Des femmes portant le niqab, dans les rues de Monschau en Allemagne
© iStock
En Suisse, dans le contexte des débats autour de la votation du 7 mars 2021 sur l’initiative populaire fédérale dite anti-burqa, le site Cath.ch a proposé un entretien croisé assez inédit entre une militante féministe et un théologien protestant.

Dans le contexte des débats autour de la votation du 7 mars 2021 sur l’initiative populaire fédérale dite anti-burqa, le site Cath.ch a proposé un entretien croisé assez inédit entre une militante féministe et un théologien protestant. Cyrielle Huguenot, coordinatrice de campagnes Droits des femmes et LGBTI auprès d’Amnesty International Suisse et Shafique Keshavjee, ancien pasteur de l’Eglise évangélique réformée du canton de Vaud et du livre «L’islam conquérant», ont échangé leur arguments.

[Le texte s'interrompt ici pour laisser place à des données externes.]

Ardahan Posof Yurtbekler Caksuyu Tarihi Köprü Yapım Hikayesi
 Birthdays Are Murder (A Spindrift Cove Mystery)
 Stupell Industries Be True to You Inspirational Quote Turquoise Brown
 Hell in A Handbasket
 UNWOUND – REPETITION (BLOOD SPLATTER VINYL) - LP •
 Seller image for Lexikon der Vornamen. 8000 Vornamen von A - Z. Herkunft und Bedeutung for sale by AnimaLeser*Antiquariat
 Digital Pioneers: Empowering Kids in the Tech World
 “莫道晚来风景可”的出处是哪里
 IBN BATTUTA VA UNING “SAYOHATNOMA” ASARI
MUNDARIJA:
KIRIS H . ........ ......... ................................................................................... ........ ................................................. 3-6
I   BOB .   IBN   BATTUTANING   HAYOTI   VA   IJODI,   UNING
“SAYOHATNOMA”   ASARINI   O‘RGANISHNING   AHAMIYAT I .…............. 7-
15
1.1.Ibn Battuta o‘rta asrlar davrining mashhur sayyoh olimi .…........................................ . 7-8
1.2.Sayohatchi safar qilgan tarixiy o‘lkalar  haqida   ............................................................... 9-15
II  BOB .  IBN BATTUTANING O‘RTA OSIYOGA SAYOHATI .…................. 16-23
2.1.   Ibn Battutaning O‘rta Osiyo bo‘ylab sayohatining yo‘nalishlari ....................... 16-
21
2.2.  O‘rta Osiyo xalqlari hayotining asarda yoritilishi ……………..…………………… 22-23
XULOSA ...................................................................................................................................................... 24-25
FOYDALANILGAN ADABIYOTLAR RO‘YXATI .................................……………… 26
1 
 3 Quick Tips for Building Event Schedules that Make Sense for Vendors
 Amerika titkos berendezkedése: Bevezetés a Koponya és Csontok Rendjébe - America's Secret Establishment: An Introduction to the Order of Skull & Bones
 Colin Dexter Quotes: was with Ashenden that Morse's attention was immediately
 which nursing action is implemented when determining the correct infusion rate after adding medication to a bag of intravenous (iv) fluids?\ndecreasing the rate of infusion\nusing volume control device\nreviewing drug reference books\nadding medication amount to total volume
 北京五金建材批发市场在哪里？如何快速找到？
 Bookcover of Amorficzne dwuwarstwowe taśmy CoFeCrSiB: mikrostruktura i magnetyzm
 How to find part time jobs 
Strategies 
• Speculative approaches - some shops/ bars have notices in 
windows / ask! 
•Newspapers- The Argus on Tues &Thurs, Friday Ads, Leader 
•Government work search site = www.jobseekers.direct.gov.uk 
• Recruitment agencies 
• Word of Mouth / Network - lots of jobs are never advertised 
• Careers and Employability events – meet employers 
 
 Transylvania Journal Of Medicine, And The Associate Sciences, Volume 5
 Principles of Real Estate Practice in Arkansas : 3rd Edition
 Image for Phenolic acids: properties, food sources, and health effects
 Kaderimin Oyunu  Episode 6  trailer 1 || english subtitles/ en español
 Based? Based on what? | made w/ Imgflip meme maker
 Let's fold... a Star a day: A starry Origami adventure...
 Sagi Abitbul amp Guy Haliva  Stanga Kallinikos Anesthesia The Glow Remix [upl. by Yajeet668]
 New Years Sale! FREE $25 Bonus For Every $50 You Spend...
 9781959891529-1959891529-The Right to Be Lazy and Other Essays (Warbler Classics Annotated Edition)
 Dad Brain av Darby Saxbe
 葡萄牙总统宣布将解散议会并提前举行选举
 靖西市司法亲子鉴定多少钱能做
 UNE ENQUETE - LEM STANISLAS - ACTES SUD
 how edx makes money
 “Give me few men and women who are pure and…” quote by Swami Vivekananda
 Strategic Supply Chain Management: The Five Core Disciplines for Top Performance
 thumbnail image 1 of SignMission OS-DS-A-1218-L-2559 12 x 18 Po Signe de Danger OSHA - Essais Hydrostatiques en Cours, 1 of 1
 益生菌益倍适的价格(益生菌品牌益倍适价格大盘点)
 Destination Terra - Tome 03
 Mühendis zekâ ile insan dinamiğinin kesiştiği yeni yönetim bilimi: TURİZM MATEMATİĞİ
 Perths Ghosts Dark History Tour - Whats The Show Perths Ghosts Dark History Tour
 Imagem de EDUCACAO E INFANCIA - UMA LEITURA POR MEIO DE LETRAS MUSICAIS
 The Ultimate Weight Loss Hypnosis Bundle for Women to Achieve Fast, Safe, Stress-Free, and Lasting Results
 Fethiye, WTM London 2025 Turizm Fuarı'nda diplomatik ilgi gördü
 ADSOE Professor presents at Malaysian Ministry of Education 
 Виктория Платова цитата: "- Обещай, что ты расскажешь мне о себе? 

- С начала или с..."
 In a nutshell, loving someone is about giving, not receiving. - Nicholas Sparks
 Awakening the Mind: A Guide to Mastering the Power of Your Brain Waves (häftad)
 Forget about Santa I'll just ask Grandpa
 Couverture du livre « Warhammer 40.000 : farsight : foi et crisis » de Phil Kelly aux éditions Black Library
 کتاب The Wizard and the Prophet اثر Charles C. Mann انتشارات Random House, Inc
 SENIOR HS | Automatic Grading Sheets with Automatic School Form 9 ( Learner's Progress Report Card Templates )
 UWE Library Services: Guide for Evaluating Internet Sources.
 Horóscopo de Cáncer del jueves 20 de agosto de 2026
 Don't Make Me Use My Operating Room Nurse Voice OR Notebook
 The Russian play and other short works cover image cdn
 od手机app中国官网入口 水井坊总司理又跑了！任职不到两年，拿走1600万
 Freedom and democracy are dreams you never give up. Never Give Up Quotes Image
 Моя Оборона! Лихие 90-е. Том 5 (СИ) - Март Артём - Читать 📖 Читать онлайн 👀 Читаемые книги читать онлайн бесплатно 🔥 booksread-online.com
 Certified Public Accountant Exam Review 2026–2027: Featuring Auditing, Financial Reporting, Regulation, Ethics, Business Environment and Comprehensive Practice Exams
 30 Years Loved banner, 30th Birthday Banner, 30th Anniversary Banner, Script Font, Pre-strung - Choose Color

L’initiative est inutile, pour Cyrielle Huguenot. «Il s’agit essentiellement d’une manœuvre politique populiste qui joue sur les symboles et la peur. Elle instrumentalise les femmes pour répandre une vision stéréotypée de l’islam et porter atteinte aux droits fondamentaux des minorités.»  Si Shafique Keshavjee reconnait que le problème est «mal posé» et que les réponses de l’initiative sont «inadéquates», cela ne signifie pas selon lui qu’il n’y a pas de problème avec de l’islam politique en Suisse. Son but est de «faire accepter la Loi islamique dans tous les secteurs de la vie, de l’habillement des femmes à la gestion de l’État», souligne le théologien. Il cite une des références des Frères musulmans: «Par vos lois démocratiques, nous vous coloniserons, par nos lois coraniques, nous vous dominerons».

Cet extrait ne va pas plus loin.